Task statement -
Under this line are the records; repeat exactly the lines starting at the one containing "Imagem 15 de" and ending at the one containing "The End is Near", omitting pictures.

Information provided -
-------------------------

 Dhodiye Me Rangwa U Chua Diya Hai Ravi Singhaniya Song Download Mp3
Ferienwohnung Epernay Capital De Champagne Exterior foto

-------------------------

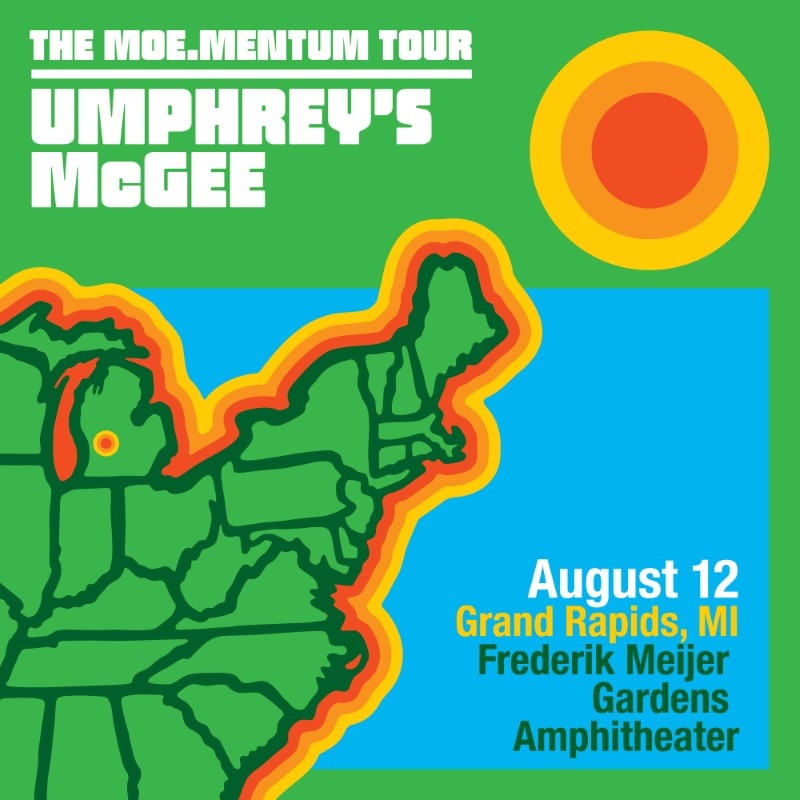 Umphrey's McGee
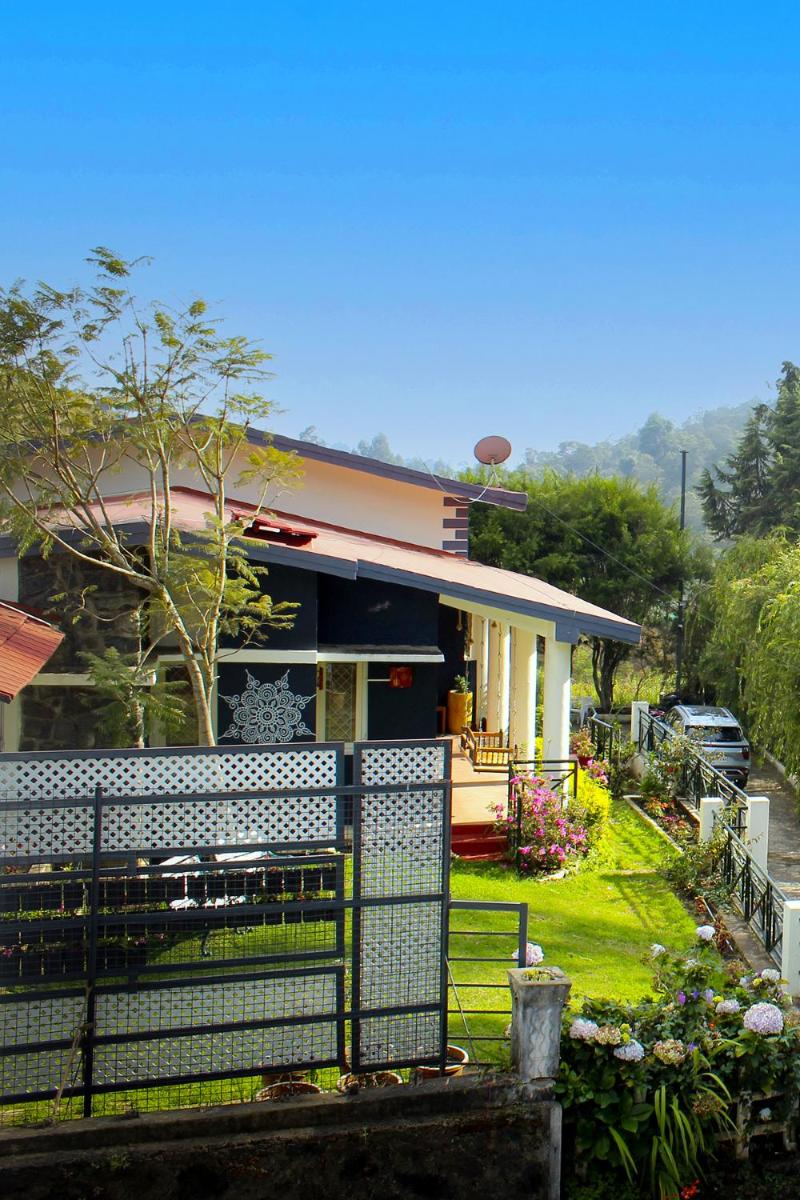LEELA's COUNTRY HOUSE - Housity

-------------------------

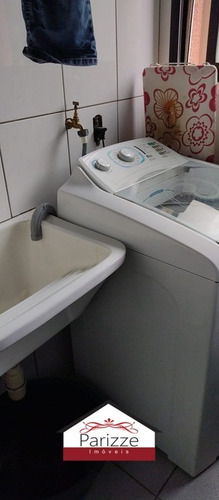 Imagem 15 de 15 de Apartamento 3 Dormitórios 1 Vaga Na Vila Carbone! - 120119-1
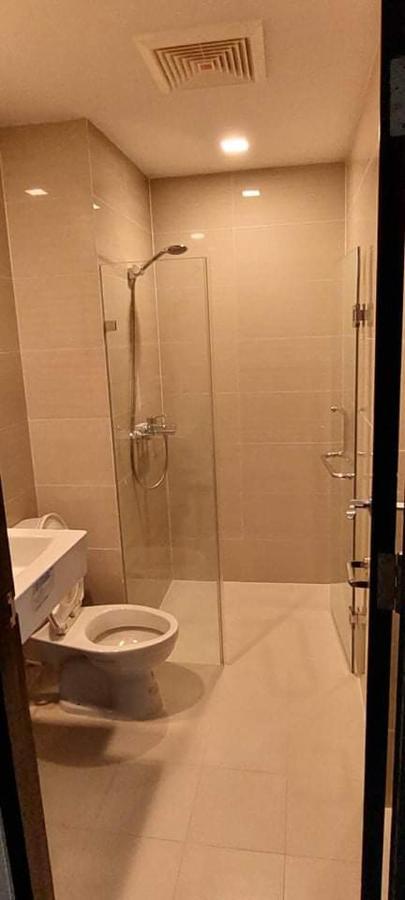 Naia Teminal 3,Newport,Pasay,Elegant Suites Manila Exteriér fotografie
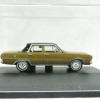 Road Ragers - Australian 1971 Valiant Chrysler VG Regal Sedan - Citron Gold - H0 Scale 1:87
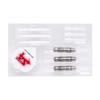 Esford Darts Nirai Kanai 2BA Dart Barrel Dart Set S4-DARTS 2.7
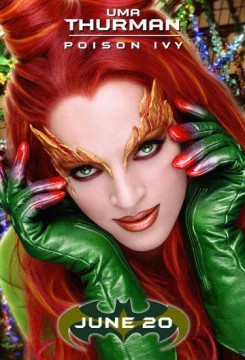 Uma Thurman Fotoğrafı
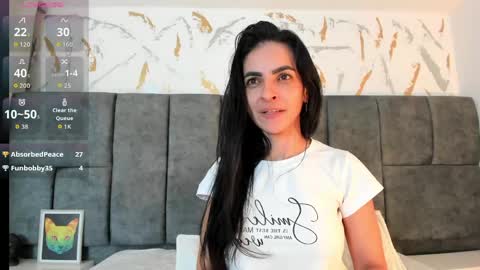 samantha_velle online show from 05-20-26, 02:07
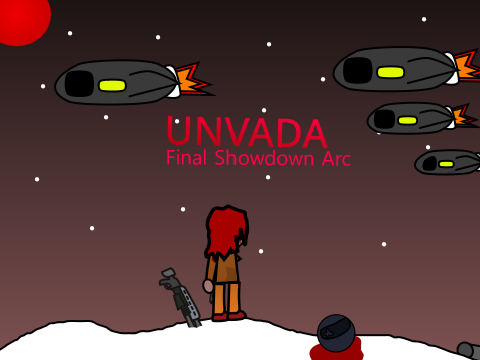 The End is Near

-------------------------

Solution for this problem -
 Imagem 15 de 15 de Apartamento 3 Dormitórios 1 Vaga Na Vila Carbone! - 120119-1
 Naia Teminal 3,Newport,Pasay,Elegant Suites Manila Exteriér fotografie
 Road Ragers - Australian 1971 Valiant Chrysler VG Regal Sedan - Citron Gold - H0 Scale 1:87
 Esford Darts Nirai Kanai 2BA Dart Barrel Dart Set S4-DARTS 2.7
 Uma Thurman Fotoğrafı
 samantha_velle online show from 05-20-26, 02:07
 The End is Near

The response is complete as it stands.